Ray's songs created that strange phenomenon in my soul of great confusion and comfort. I completely appreciated the intense passion in the arrangements and the projected pain in the lyrics. I could feel the tug at my heart but was absolutely certain that it would be impossible for me to ever feel that type of heartache in my own life. At that time, it was because I had no interest at all in pursuing a relationship on any level. I had a couple of holding-hands-in-the-hall scenarios, but they ended quickly. Most likely, the other sensed my total lack of interest. That lack of interest was a blessing really and it followed me for the next four years (that now seemed like an eternity) until I met the girl who would become my wife.

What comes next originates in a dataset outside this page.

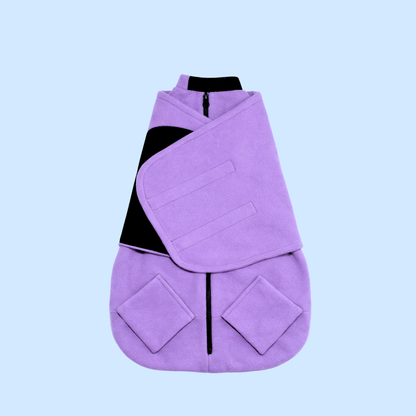 Lavender Pro Cat Wrap back view
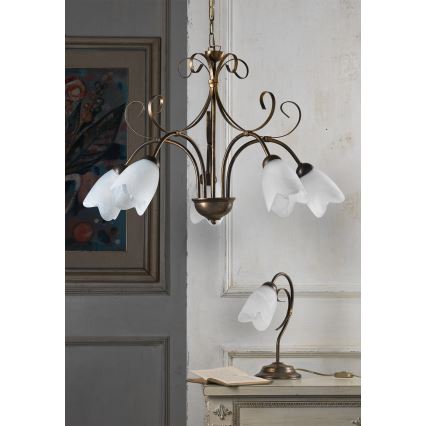 ONLI - Chandelier on a chain ODINO 5xE14/6W/230V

She was as big a Smiths fan as I was. Singing those songs together was always a joyous occasion. I'd also pop Johnny Ray into the car stereo once and awhile and sing along with great exaggeration. As far as I was concerned, the content of those songs would never have any impact on my life beyond the joy of belting them out in the car, cleaning the house, or working on some other project. At 18 I had no clue that the one person that ended up giving me direction and informed exactly who I was and where my place was in the world would end up being the one person who would completely destroy my heart.
I must have played this song a hundred times or more in my lifetime,. For the first time, his act is no longer entertainment and I freely participate by hanging my head down to cry.